L’enseignement est placé sous des dogmes, des modèles idéaux que les collections et le décor exaltent. Le nom des grands artistes est gravé sur la façade de l’École. Dans l’hémicycle d’honneur, destiné à recevoir les cérémonies officielles, Paul Delaroche peint un panthéon des artistes les plus appréciés de l’histoire de l’art européen : Rubens, Correge, Titien, Van Dyck, Le Lorrain, Puget, Pallad, Durer, Léonard, Raphaël… voici de qui les jeunes gens doivent s’inspirer.

Dans l’ancienne chapelle du couvent, les conservateurs font installer des moulages et copies peintes qui s’éloignent pourtant des dogmes gréco-romains érigés par l’Académie.

L’école sans cesse s’agrandit. En 1858, Duban bâti une galerie des expositions sur le quai Malaquais ; trois décennies plus tard, l’hôtel de Chimay, adjacent, est intégré au complexe. Mais déjà, elle est passée de mode. Ceux qui défrayent les chroniques artistiques n’ont pas concouru au prix de Rome : c’est à l’académie Julian ou chez Gleyre qu’ils se sont formés. Au XXe siècle, les modèles académiques s’essoufflent.
Création contemporaine, collection patrimoniale, une coexistence impossible ?
En 1968, les étudiants portent un coup fatal à l’enseignement de l’École. Un siècle après la grande réforme des Beaux-Arts, la formation n’est plus adaptée au monde moderne. Au lendemain de mai 68, les plâtres sont évacués, l’enseignement renouvelé.

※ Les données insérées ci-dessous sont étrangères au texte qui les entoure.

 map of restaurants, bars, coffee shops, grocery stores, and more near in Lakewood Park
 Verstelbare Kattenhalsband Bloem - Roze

L’école a aujourd’hui retrouvé son prestige et son éclat. La création y est vivante. Entre les vieux murs, de jeunes générations dessinent leur avenir, parfois brillamment. Les Portes Ouvertes nous donnent à voir cette école vivante, dynamique. Dommage, cependant, que son riche patrimoine ne soit pas plus valorisé.
Création contemporaine, collection patrimoniale, une coexistence impossible ? Certainement pas, bien au contraire. L’une et l’autre peuvent se nourrir, sans s’étouffer mutuellement. Les étudiants l’on bien prouvé, en faisant renaître cette tradition oubliée de l’École, le bal des Quat’z’art, défilé foutraque et costumé qui effrayait les bonnes mœurs d’un XIXe conservateur.

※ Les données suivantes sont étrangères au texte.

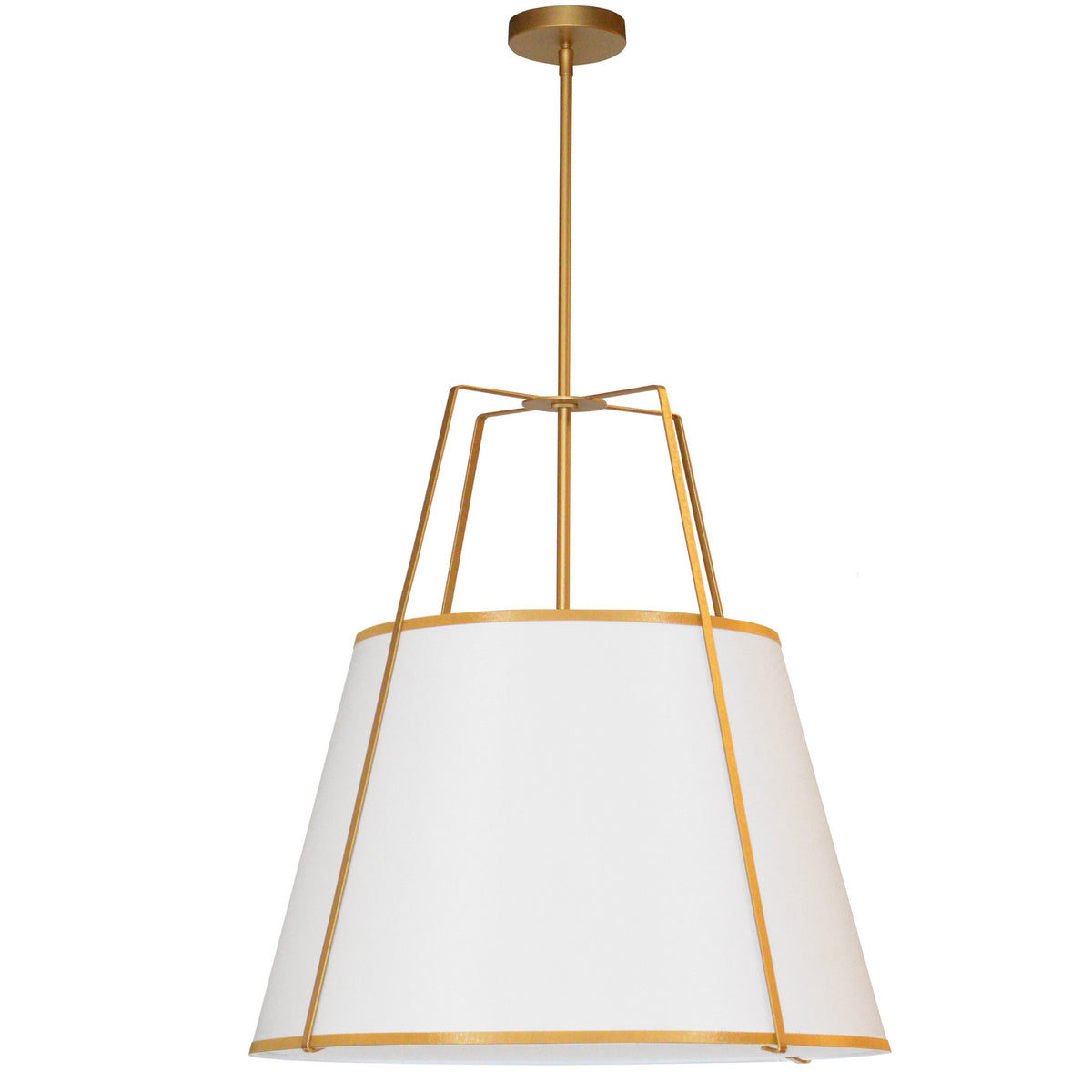 Suspension Trapezoid Or / Blanc, 24", nombre ampoules 3 – Dainolite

Bref, l’an prochain ne ratez pas les Ateliers ouverts de l’École des Beaux-Arts, elle a encore beaucoup à vous surprendre !
J’ai, un dimanche matin, traversé de part en part cette ecole, vide. Grandes cours, longs couloirs, rendus plus impressionnants encore par le silence, un très bon souvenir. Merci de votre madeleine.